In 1996 Nestor Cerpa and his Tupac Amaru Revolutionary Movement (MRTA) took over 400 people hostage at the Japanese Ambassador's Residence in Lima. Over the next four months a chilling, unlikely, sometimes humorous and tragic drama unfolded. With unprecedented access to archival footage, secret police recordings from inside the embassy, intimate letters, and interviews with the main protagonists the directors have crafted a gripping and thought-provoking portrayal of an ultimately all too human story.
Nestor Cerpa is a devoted family man who loves his wife and children dearly, writing them passionate and revealing letters from the Residence. He is also one of the most reviled figures in Peruvian political history. Inflicting pain and suffering on hundreds, Nestor fails to perceive the contradictions of using violence and cruelty as tools of social justice.
The taking of the Residence is a direct attack on the Japanese born Peruvian President, Alberto Fujimori, who has claimed victory in his brutal campaign against Peru's insurgent groups. The MRTA has been all but wiped out. Hundreds of members, including Nestor's wife Nancy, languish in prison. Taking the Residence is Nestor's last-ditch effort to free them.
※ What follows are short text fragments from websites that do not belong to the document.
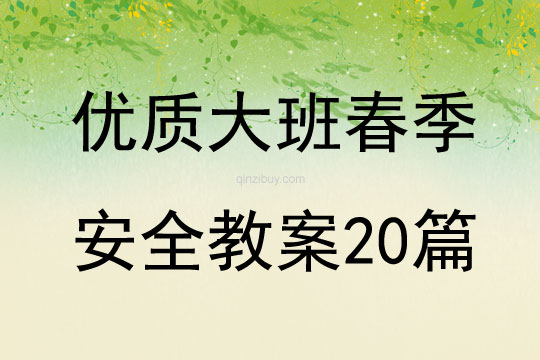 優質大班春季安全教案20篇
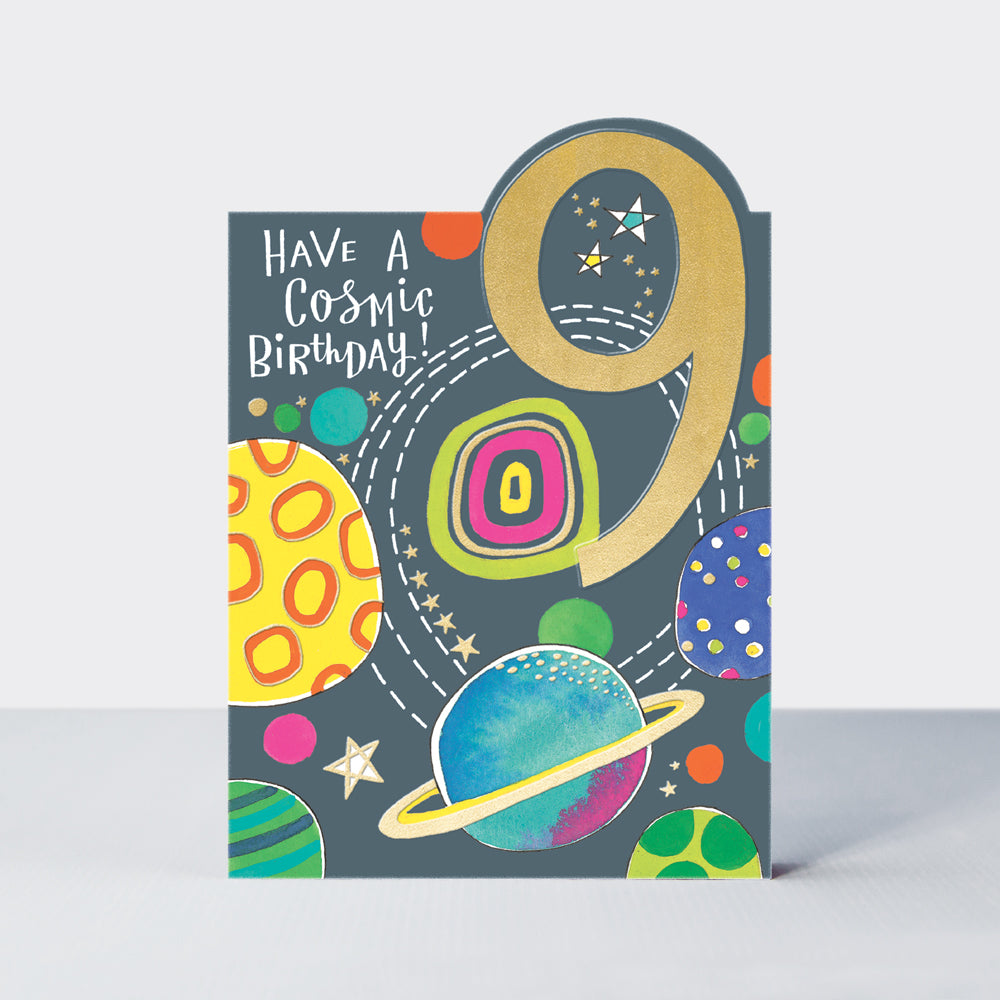 Tiptoes - Age 9 Boy - Cosmic Birthday  - Birthday Card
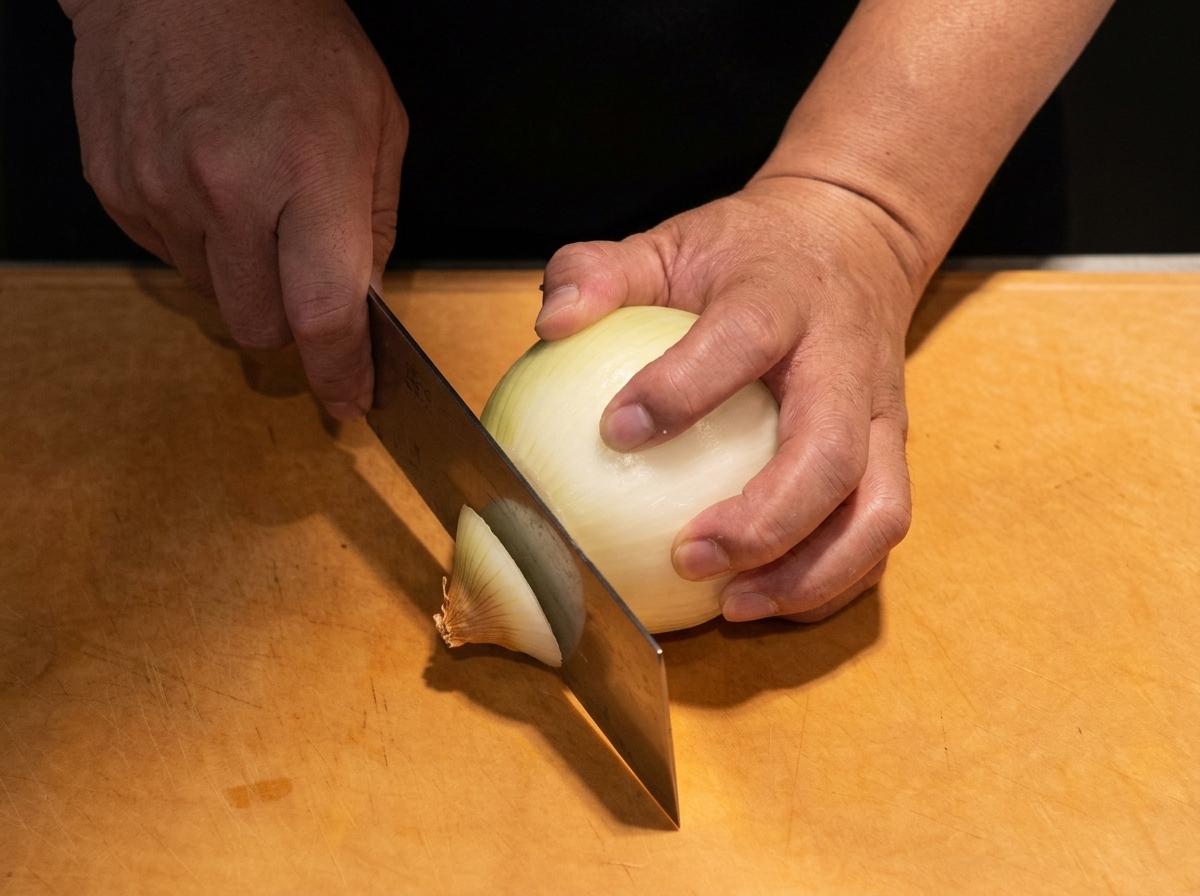 Una cebolla siendo cortada verticalmente sobre una tabla de madera con un cuchillo de chef.
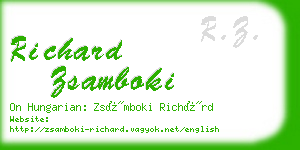 richard zsamboki business card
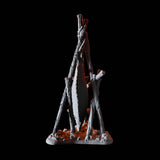 Campfire with Cooking Fish Miniature for Dungeons and Dragons, Pathfinder or other TTRPGs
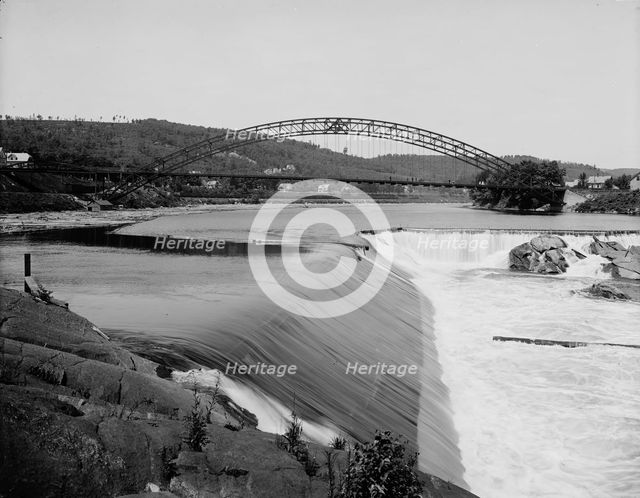 Falls and Arch bridge, Bellows Falls, Vt., between 1905 and 1910. Creator: Unknown.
For Fujimori it is a painful embarrassment. His response is uncompromising and fatal. What follows is devastating and bizarre.
It is also a hundred and twenty six days in the lives of the hostages. The psychology of captivity is intimately revealed through a compelling portrait of daily life in the Residence. Not only affecting it is also unexpected: the head of counter-terrorism gives Nestor French lessons and the Japanese Ambassador leads communal exercise classes. When it is revealed that Nestor would give up all other demands for the release of his wife the crisis takes a romantic dimension.
Multi-layered and complex this film avoids simple and obvious conclusions, and investigates the collision points between social forces and our personal lives.